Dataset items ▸
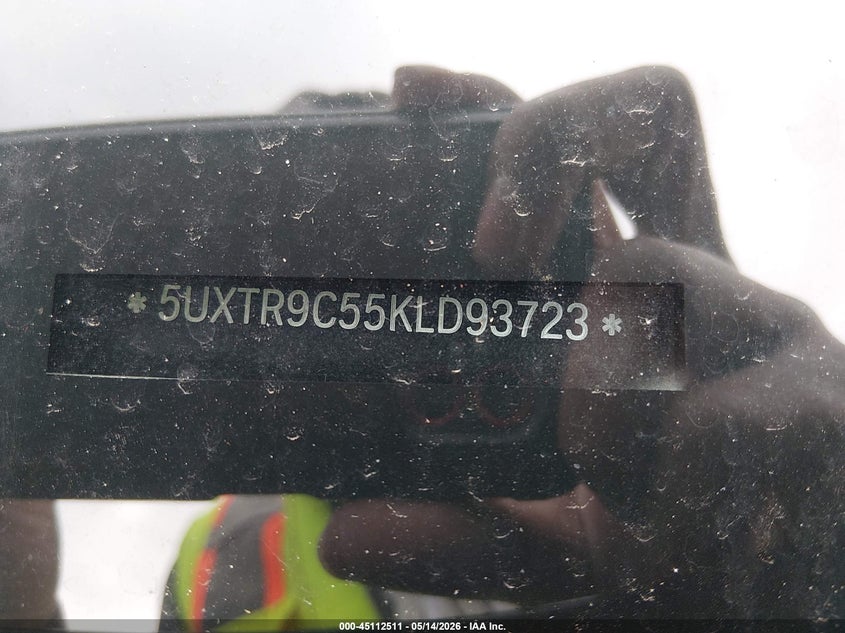 2019 BMW X3 VIN 5UXTR9C55KLD93723 IAAI salvage auction — LEFT FRONT, Salvage (New Jersey), sold $25 on 2026-07-29 (photo 9)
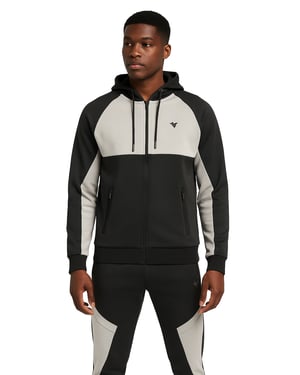 D-Rock Mens Zip Up Hoodie Joggers Tracksuit Set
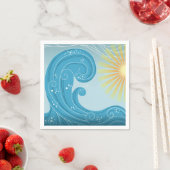 波と日差し スタンダードカクテルナプキン (インサイチュ)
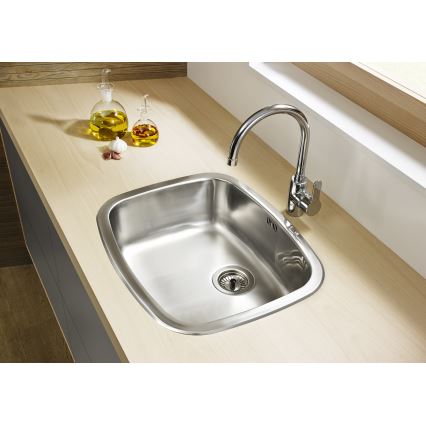 Roca A5A8409C00 - Slavina za sudoperu L20, 32,5 cm, sjajni hrom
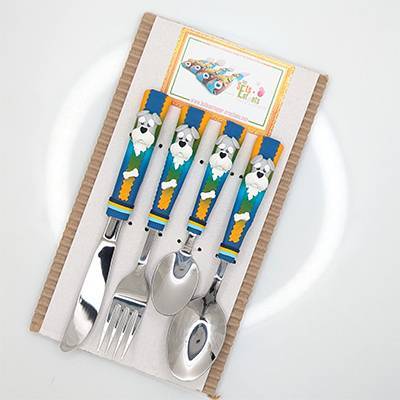 Couverts enfants Vincent le Chien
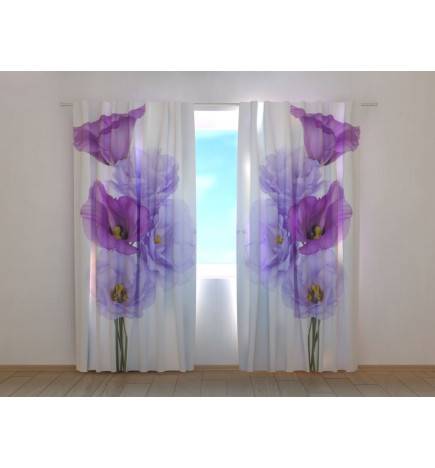 1,00 € Personalized curtain - designer - Purple flowers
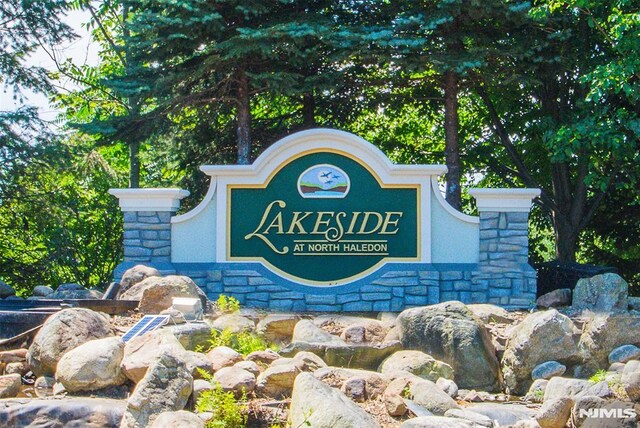 view of community sign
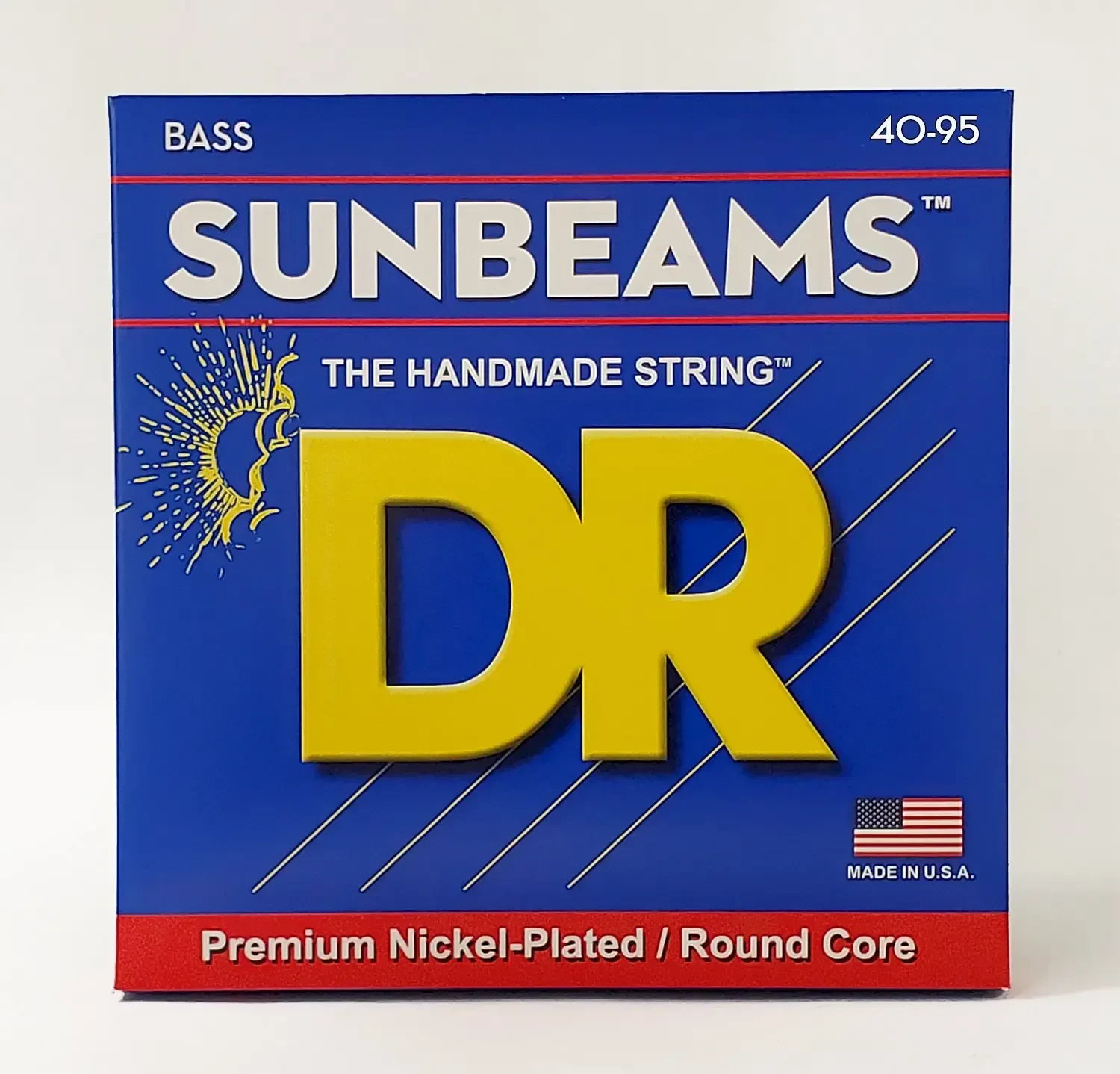 Струны для бас-гитары DR Strings SUNBEAM DR NLLR-40, 40 - 95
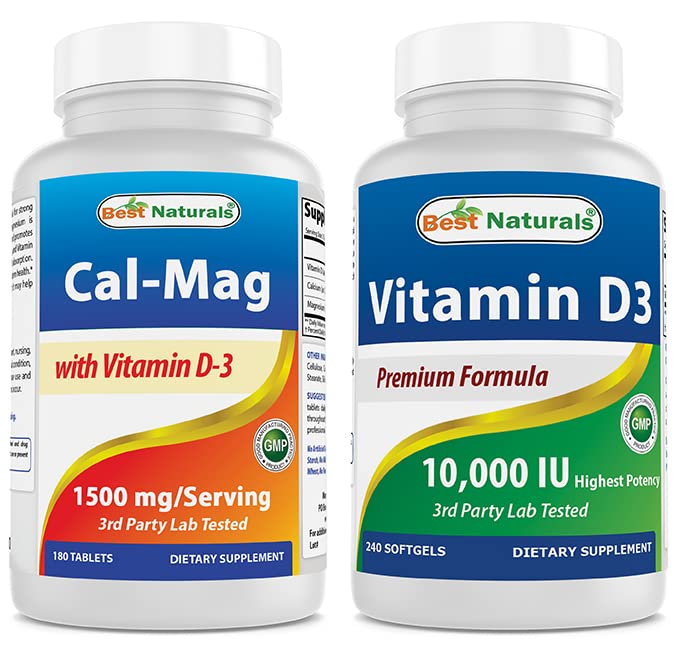 Best Naturals Calcium Magnesium with Vitamin D3 Softgel 180 Count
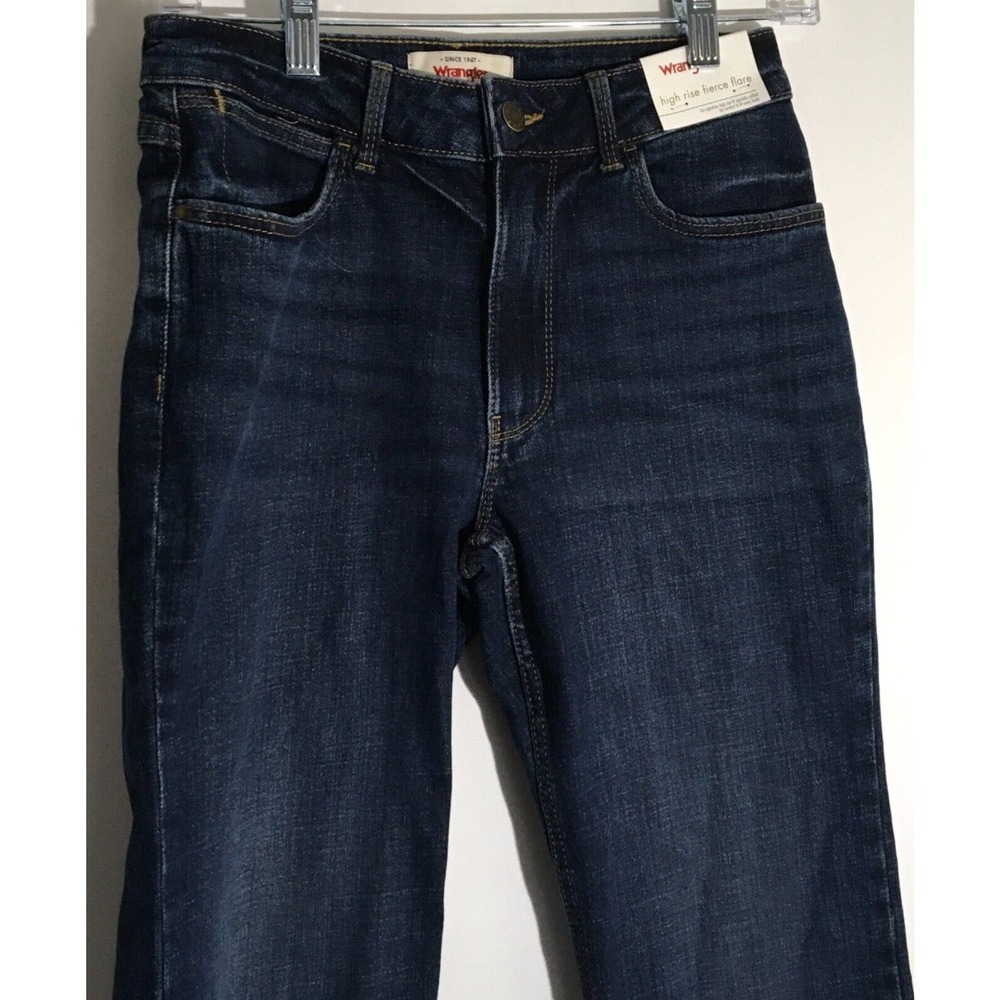 Wrangler High-Waisted Fierce Flare Women's Size 2/26/30 Dark Wash Denim Jeans - Picture 4 of 7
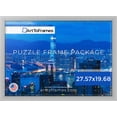 thumbnail image 3 of ArtToFrames 27.57x19.68 Inch - 70x50 CM Silver Puzzle Frame for 1000 piece Puzzles.1.25 Inch Custom MDF Puzzle Frames, Stainless Steel - Comes with Economy Acrylic, 3 of 6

DESCRIPTION OF THE TASK ▸
Exact copy, no pictures: reproduce every record above.

RESPONSE AREA ▸
 2019 BMW X3 VIN 5UXTR9C55KLD93723 IAAI salvage auction — LEFT FRONT, Salvage (New Jersey), sold $25 on 2026-07-29 (photo 9)
 D-Rock Mens Zip Up Hoodie Joggers Tracksuit Set
 波と日差し スタンダードカクテルナプキン (インサイチュ)
 Roca A5A8409C00 - Slavina za sudoperu L20, 32,5 cm, sjajni hrom
 Couverts enfants Vincent le Chien
 1,00 € Personalized curtain - designer - Purple flowers
 view of community sign
 Струны для бас-гитары DR Strings SUNBEAM DR NLLR-40, 40 - 95
 Best Naturals Calcium Magnesium with Vitamin D3 Softgel 180 Count
 Wrangler High-Waisted Fierce Flare Women's Size 2/26/30 Dark Wash Denim Jeans - Picture 4 of 7
 thumbnail image 3 of ArtToFrames 27.57x19.68 Inch - 70x50 CM Silver Puzzle Frame for 1000 piece Puzzles.1.25 Inch Custom MDF Puzzle Frames, Stainless Steel - Comes with Economy Acrylic, 3 of 6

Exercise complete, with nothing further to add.